* **Exercise details**: Quote all entries exactly, leaving pictures aside.

* **Given information**:
--------
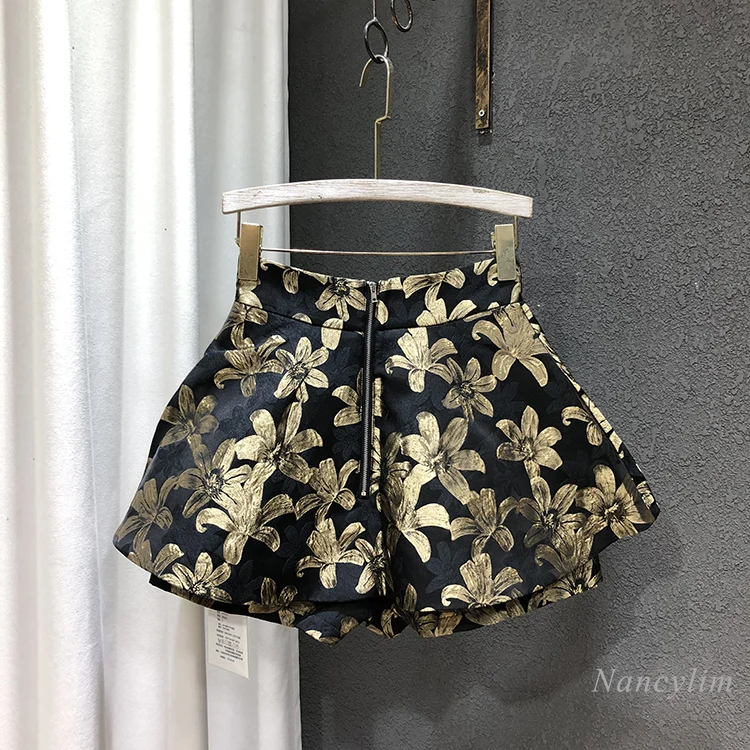 Irregularly Slimming All-Match A- Line Skirtpants Women 2021 Spring New Korean Style Flower High Waist Shorts Nancylim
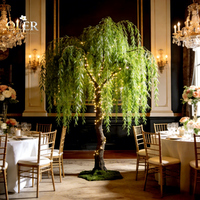OLER Luxury White Flowers Bead and Flower Curtains Top Mesh Décoration de plafond de mariage pour l'ambiance de fête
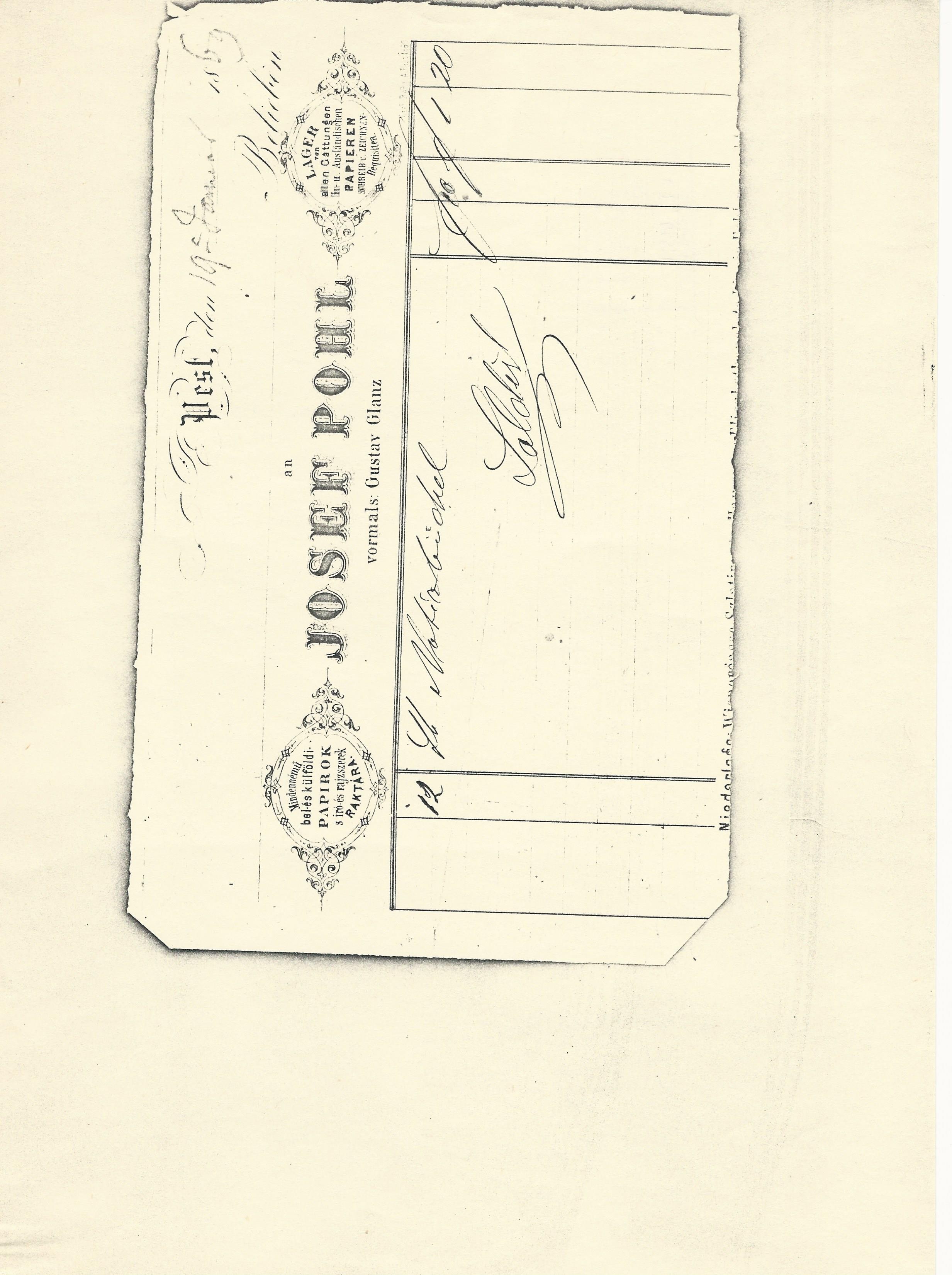 Pohl József számla (Magyar Kereskedelmi és Vendéglátóipari Múzeum CC BY-NC-SA)
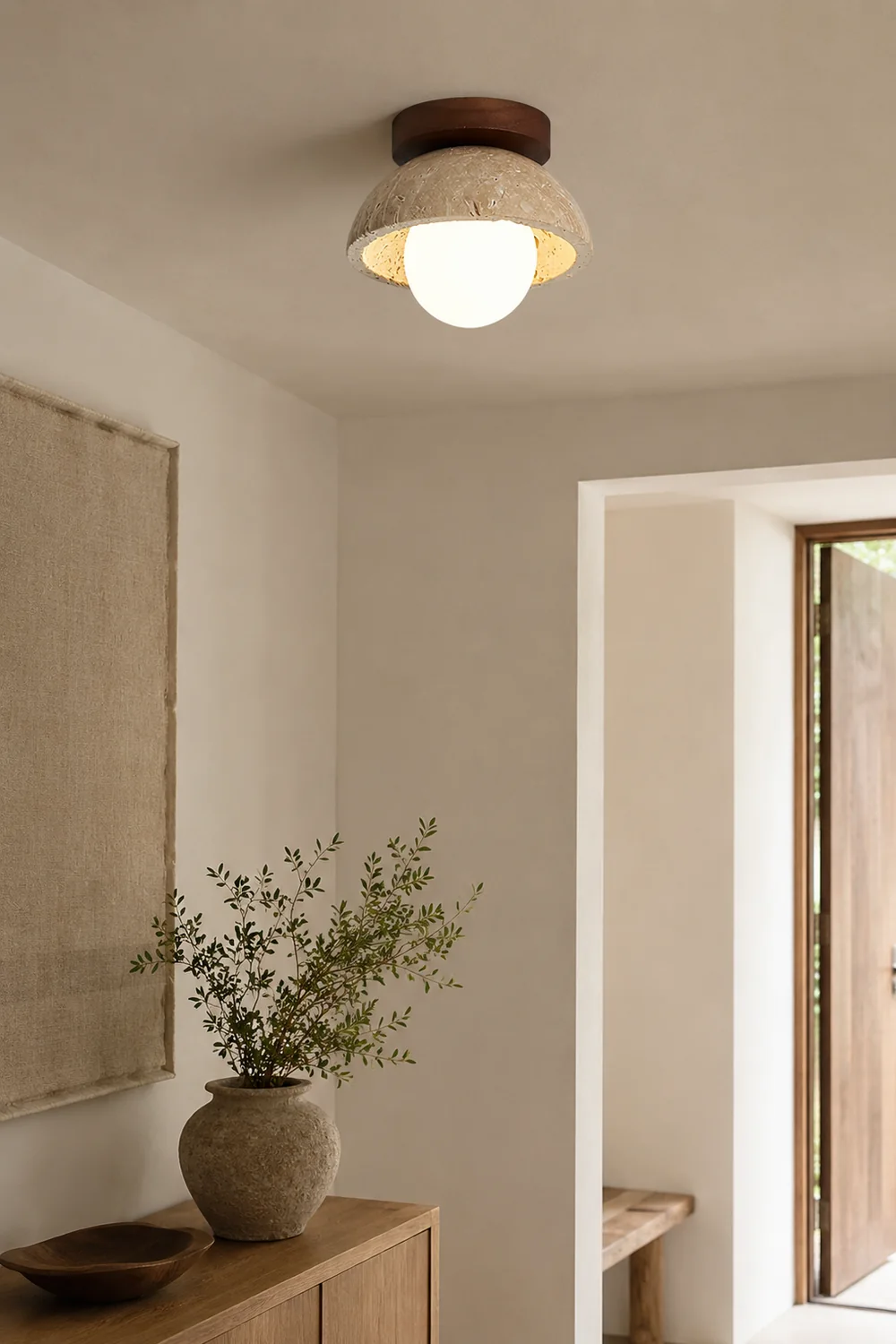 Piedra wood ceiling lamp - Lumpaz
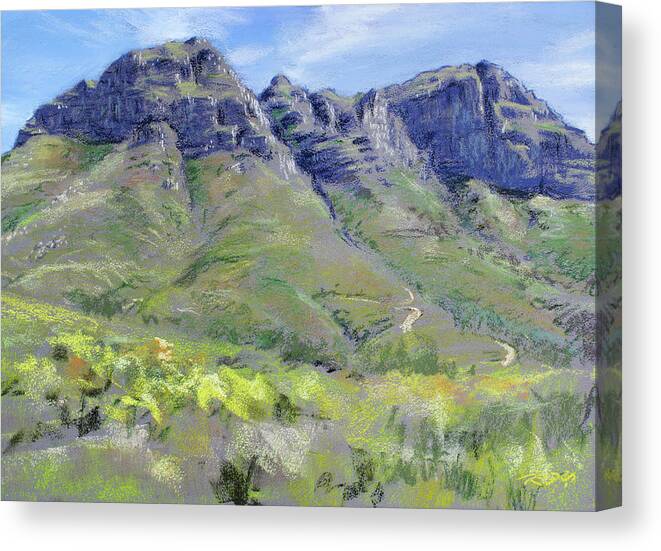 Christopher Reid Canvas Print featuring the pastel Helderberg Plein Air by Christopher Reid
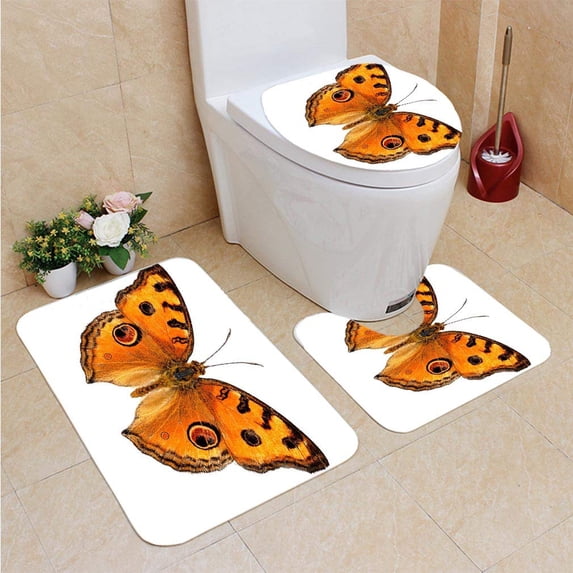 PUDMAD Peacock Pansy 3 Piece Bathroom Rugs Set Bath Rug Contour Mat and Toilet Lid Cover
--------
* **Response area**:
 Irregularly Slimming All-Match A- Line Skirtpants Women 2021 Spring New Korean Style Flower High Waist Shorts Nancylim
OLER Luxury White Flowers Bead and Flower Curtains Top Mesh Décoration de plafond de mariage pour l'ambiance de fête
 Pohl József számla (Magyar Kereskedelmi és Vendéglátóipari Múzeum CC BY-NC-SA)
 Piedra wood ceiling lamp - Lumpaz
 Christopher Reid Canvas Print featuring the pastel Helderberg Plein Air by Christopher Reid
 PUDMAD Peacock Pansy 3 Piece Bathroom Rugs Set Bath Rug Contour Mat and Toilet Lid Cover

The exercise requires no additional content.